How many lines in the records below contain the word "pool"? Give only the number.

-=-=-=-=-

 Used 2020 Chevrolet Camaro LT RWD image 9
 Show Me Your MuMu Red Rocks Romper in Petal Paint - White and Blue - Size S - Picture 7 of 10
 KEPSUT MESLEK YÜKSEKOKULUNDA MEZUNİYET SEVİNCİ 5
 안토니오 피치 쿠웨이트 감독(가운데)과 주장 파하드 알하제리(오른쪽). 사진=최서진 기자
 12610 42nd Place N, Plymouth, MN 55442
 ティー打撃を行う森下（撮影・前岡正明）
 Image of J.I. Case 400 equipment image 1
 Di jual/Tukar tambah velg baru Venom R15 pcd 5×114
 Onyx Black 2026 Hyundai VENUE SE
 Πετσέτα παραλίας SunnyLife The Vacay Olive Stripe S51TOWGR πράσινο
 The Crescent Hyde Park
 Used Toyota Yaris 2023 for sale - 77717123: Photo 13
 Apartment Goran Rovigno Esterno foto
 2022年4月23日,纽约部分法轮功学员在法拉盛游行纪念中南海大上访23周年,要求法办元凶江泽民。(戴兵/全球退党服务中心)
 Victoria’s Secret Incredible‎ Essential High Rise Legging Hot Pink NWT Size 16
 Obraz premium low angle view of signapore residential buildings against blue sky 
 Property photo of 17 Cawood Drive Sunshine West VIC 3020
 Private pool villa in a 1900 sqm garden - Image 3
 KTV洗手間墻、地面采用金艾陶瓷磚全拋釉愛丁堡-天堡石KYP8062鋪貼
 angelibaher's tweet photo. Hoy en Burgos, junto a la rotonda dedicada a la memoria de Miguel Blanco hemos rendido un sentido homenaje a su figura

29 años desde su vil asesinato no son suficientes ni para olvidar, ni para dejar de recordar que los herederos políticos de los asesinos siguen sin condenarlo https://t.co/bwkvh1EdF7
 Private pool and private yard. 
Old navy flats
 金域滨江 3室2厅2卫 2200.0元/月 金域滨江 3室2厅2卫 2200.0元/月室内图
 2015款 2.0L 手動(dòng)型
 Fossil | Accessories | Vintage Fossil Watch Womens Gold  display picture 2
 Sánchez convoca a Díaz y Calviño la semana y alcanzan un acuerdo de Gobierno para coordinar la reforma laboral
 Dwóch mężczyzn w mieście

-=-=-=-=-

**Solution:** 2